What do the lines say from the start of the entries through the one containing "Dinosaur Christmas card design 1"? Repeat them exactly.

== Segment start ==

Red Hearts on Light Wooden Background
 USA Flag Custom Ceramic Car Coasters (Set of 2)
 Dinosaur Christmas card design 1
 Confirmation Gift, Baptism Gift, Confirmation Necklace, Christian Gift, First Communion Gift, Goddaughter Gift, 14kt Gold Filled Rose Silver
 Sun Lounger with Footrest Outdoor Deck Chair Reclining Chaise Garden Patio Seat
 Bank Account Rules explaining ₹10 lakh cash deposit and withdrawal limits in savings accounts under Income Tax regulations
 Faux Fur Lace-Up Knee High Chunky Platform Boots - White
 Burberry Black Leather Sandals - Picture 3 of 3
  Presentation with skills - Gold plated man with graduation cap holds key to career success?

== Segment end ==

:: RESPONSE TO THE TASK ::
Red Hearts on Light Wooden Background
 USA Flag Custom Ceramic Car Coasters (Set of 2)
 Dinosaur Christmas card design 1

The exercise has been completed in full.